═══ Information provided ═══
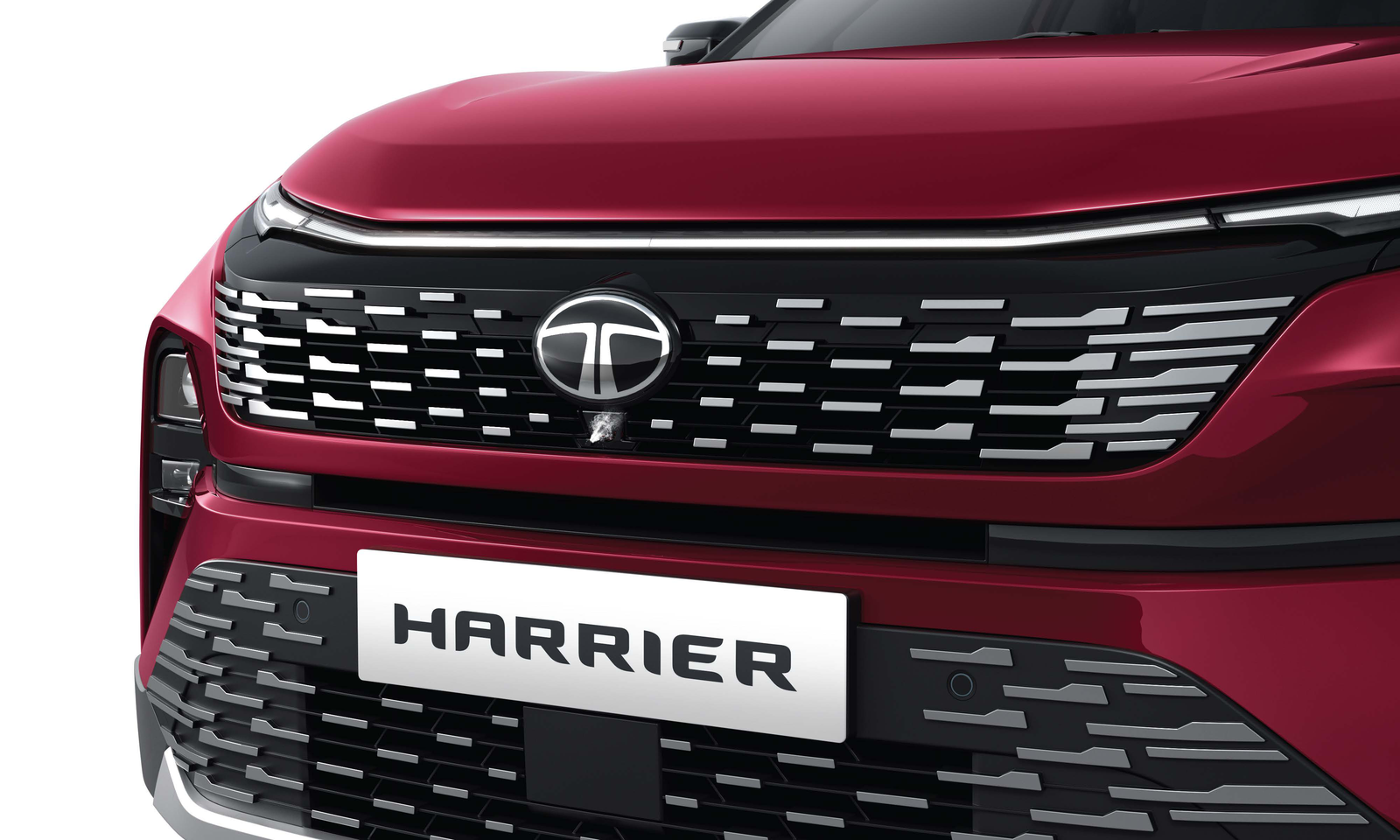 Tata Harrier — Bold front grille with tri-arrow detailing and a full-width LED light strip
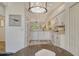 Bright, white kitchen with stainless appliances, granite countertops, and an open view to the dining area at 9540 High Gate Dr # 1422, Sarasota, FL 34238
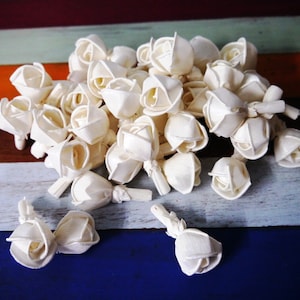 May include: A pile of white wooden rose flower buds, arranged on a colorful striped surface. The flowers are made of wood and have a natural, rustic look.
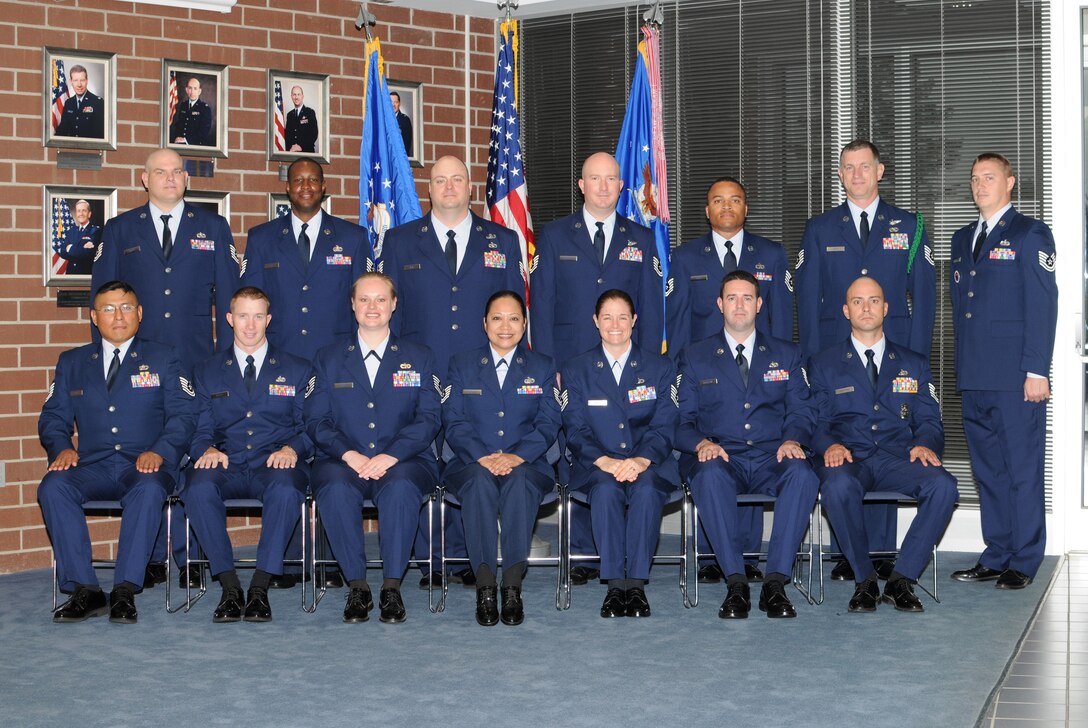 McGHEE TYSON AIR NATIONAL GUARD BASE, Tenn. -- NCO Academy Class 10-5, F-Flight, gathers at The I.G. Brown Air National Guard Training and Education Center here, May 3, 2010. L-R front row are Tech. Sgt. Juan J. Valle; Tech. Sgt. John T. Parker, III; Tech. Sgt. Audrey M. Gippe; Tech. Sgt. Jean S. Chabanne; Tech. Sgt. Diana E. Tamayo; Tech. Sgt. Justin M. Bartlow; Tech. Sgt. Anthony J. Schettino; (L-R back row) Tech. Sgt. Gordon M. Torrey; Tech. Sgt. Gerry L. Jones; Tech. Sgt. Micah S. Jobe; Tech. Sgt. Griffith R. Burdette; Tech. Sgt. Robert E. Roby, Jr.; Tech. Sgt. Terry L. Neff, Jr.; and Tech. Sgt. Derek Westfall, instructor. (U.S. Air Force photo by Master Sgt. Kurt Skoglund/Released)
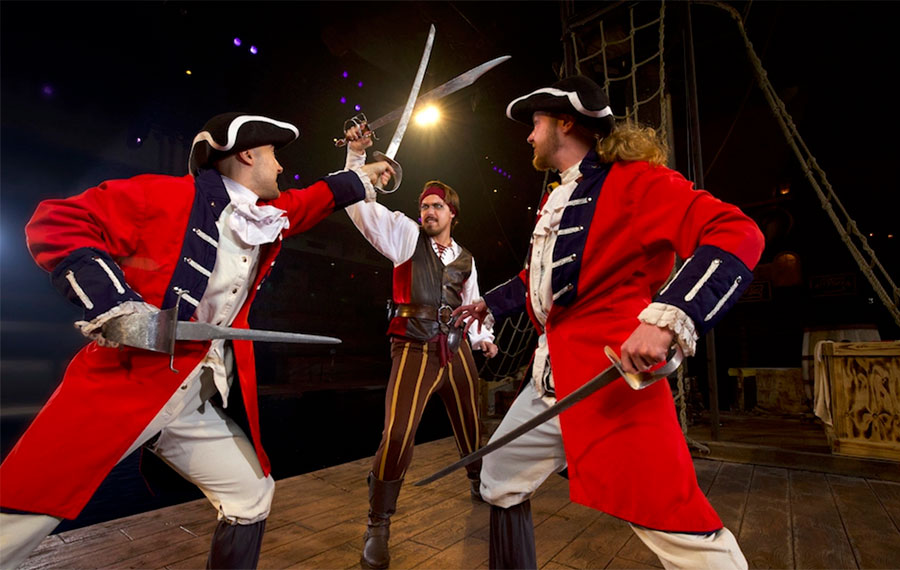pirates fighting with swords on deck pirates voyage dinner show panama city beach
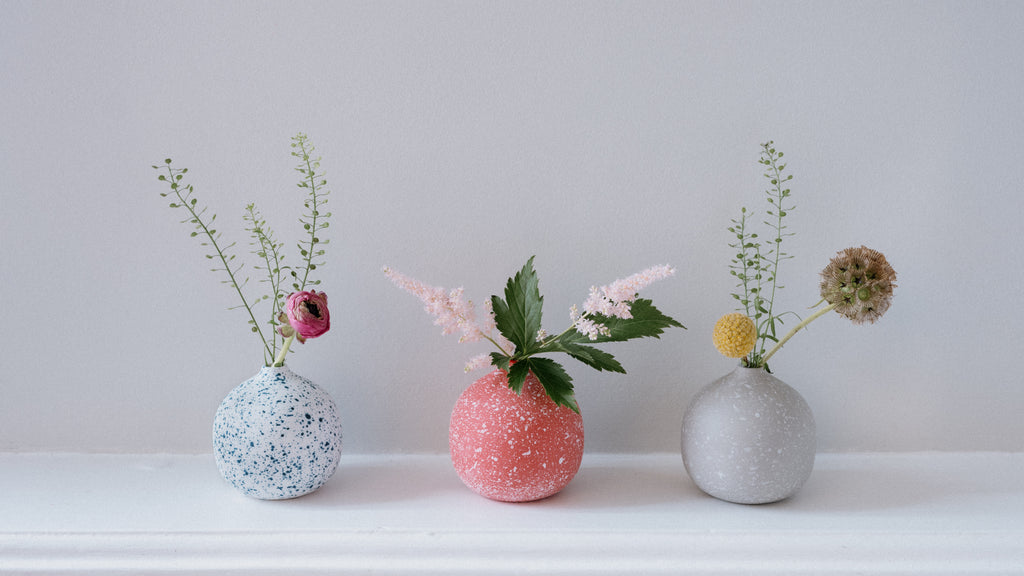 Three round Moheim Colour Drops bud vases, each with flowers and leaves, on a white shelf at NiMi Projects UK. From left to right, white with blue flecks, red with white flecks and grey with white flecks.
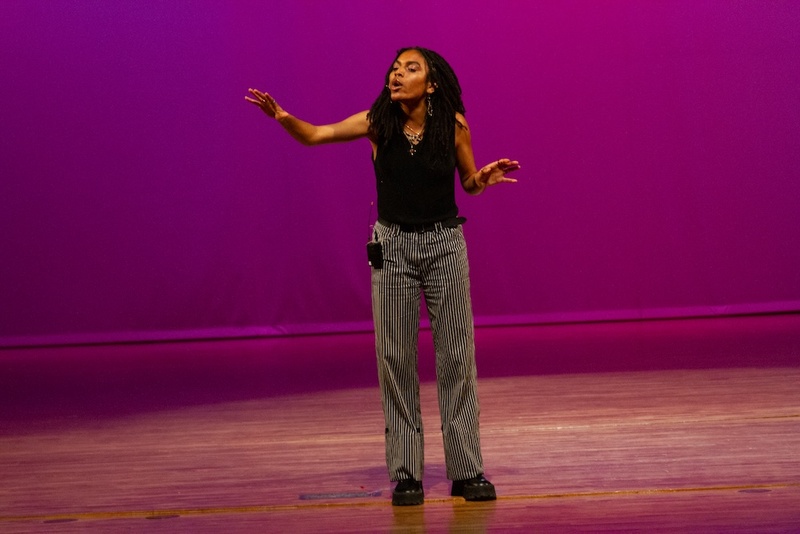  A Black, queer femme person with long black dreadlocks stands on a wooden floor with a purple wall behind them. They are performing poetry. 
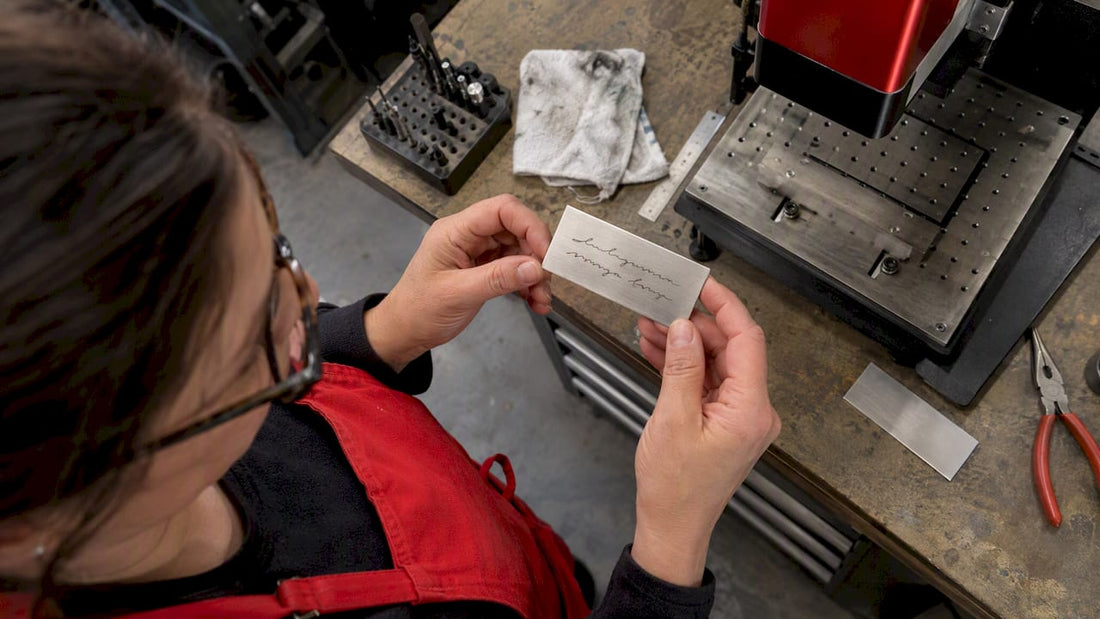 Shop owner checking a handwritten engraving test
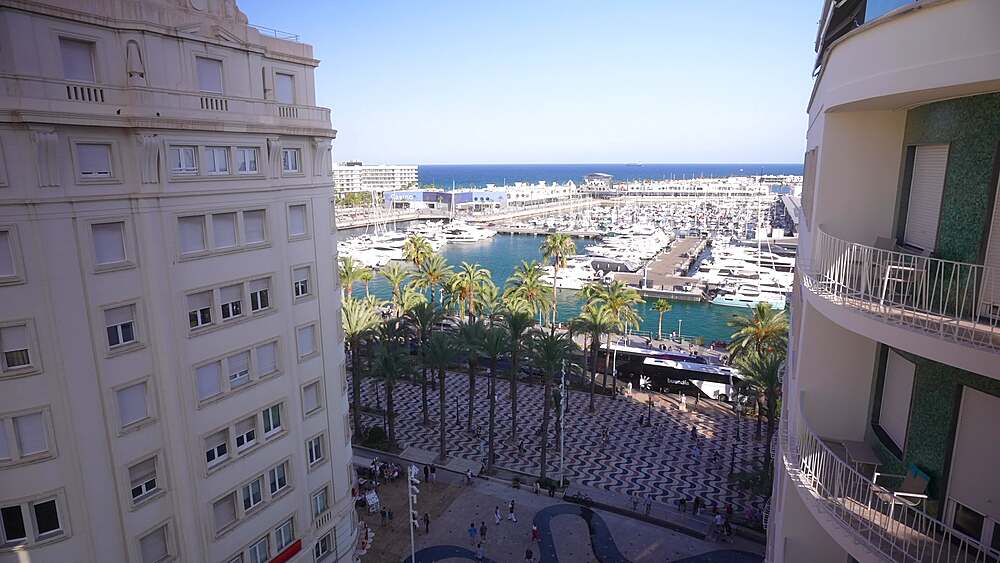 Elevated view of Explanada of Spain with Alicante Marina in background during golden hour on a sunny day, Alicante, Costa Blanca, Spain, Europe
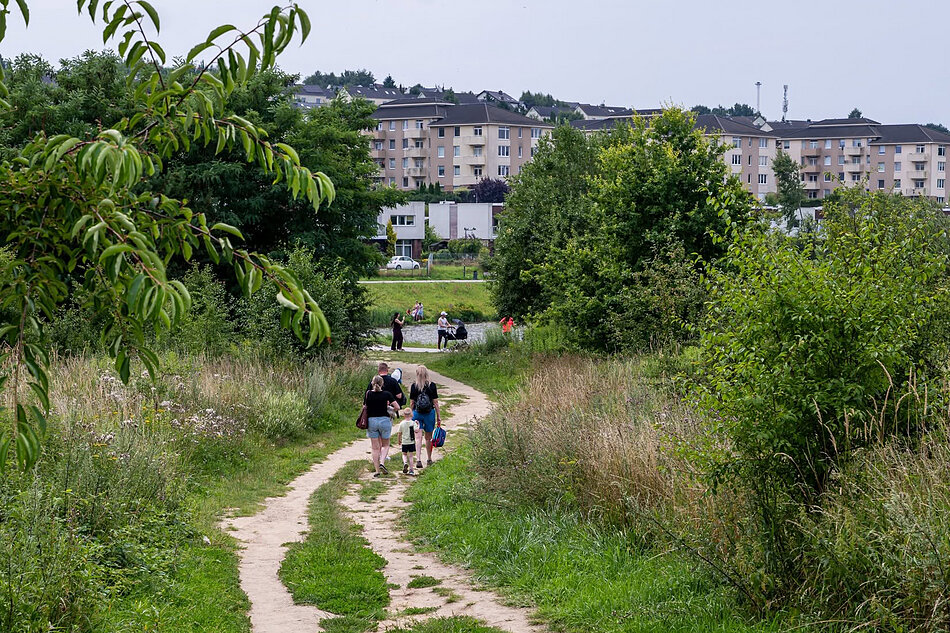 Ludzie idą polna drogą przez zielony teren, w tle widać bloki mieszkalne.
═══
◆ **Assigned task**:
Would you copy, word for word, only the lines above from the one containing "A Black, queer" through the one containing "Elevated view of", both included, and please leave out the pictures?

◆ **Exercise solution**:
  A Black, queer femme person with long black dreadlocks stands on a wooden floor with a purple wall behind them. They are performing poetry. 
 Shop owner checking a handwritten engraving test
 Elevated view of Explanada of Spain with Alicante Marina in background during golden hour on a sunny day, Alicante, Costa Blanca, Spain, Europe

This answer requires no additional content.